Singapore Creative Writing Residency Final Showcase Dancing, Fighting and Writing: Lessons from the body captured in words
Gitanjali Kolanad, the 2016 Singapore Creative Writing Resident, presented her final showcase marking the end of her six month residency where she had been working on her first novel, Girl Made of Gold. The novel explores the world of the devadasi, the hereditary temple dancer, in the 1920s. A reading of the new novel was punctuated with performances by Kalaripayat artist Hans Wolfgramm and Bharata Natyam dancer Katyaini Reddy. This multidisciplinary showcase also examined how Indian movement traditions can bring a sensory awareness of time, space and the body that can enliven one's writing.
About Gitanjali Kolanad
Gitanjali Kolanad was involved in the practice, performance, and teaching of bharata natyam for more than forty years. She performed in major cities in Europe, America and India, including London, New York, Paris, Vienna, Berlin, Toronto, Tokyo, New Delhi, Bombay, and Madras. Her traditional performances were praised by critics, while her contemporary choreographic work won new audiences for bharata natyam.

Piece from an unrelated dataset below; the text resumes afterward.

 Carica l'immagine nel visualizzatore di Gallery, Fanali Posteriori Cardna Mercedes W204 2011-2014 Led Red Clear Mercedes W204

Her work was often multi-disciplinary, arising out of collaborations with artists from other disciplines: director Phillip Zarrilli, video/installation artist Ray Langenbach, poet Judith Kroll, violinist Parmela Attariwala, to name a few. Her performances incorporated folk and ritual forms of dance, theatre and martial art forms from South India. She created eight major full-length dance works, many of which she performed all over the world.
Gitanjali's short story The American Girl won second prize in the 2008 CBC Literary Awards. The story is part of a collection published in 2011 by Penguin India and long-listed for the Frank O’Connor Short Story Award that year. Her previous book, Culture Shock: India, published by Marshall Cavendish, is now into its third edition, and has been translated into Korean. She has written numerous articles on aspects of Indian dance for well-known Indian publications, such as Open Magazine and Seminar. For two years, she contributed a column on arts and culture to the newspaper New Indian Express.
She co-founded IMPACT - Indian Martial and Performance Arts Collective of Toronto, which teaches the Indian martial art form of kalaripayat to at-risk youth in underserved neighbourhoods. Presently she is teaching courses in the Dept of Art, Design and Performing Arts while developing a fully-fledged performing arts program at Shiv Nadar University.